The above is one reason publicists don’t give out their media lists. You don’t know how someone is going to treat it — or rather the people on it. Will they call your contacts over and over again, not getting the really obvious hint that no response means no? Will that person email useless press release after useless press release, week after week, hoping the next will result in front page coverage? Will they blurt out — after abusing your media contacts — “I got your info from so-and-so!” and destroy the relationship you spent considerable time cultivating?

Secondly, media lists are proprietary information. If you’ve hired a publicist to build you a media list to give you, that’s one thing. If you’ve hired a publicist to get you media coverage, you’ve hired someone based on their prior work, relationships they already have, and ability to develop other relationships.
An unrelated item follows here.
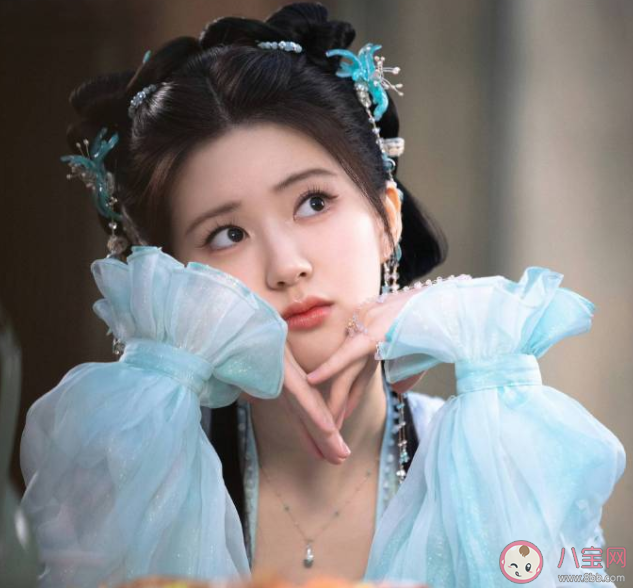 《神隱》鳳隱結局是什么 鳳隱仙元為什么會散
Giving out media contacts doesn’t do much to solidify a relationship – it undermines it since there are many out there who pitch inappropriately and without doing any research. Plus, it’s just bad business. If a publicist is giving out media lists willy-nilly, where exactly is his or her competitive edge?

Now, some will argue that everyone has the same contacts because of online media databases like Cision, so a media list isn’t something to be protected. Let me tell you, after working in-house at a publisher where outside publicists hired by authors would share their lists with me (never at my prompting), that’s poppycock.  Agencies and independent publicists definitely have a lot of overlap, but do you know how many new contacts I found out about by scanning media lists someone shared with me? Well, I don’t really know either (it was  10+ years), but it was considerable. And it’s not because I didn’t keep up. I read the blogs and newsletters that cover the media’s coming and going. But, there’s always a new freelancer I wasn’t aware of, a producer who keeps his name out of the media databases, etc.

At the end of the day, remember why you hired a publicist. You didn’t hire him to give you lists. You hired him to get you media coverage, provide wise counsel, identify the media opportunities that are actually likely to meet your goals, develop your talking points, and help you tell your story.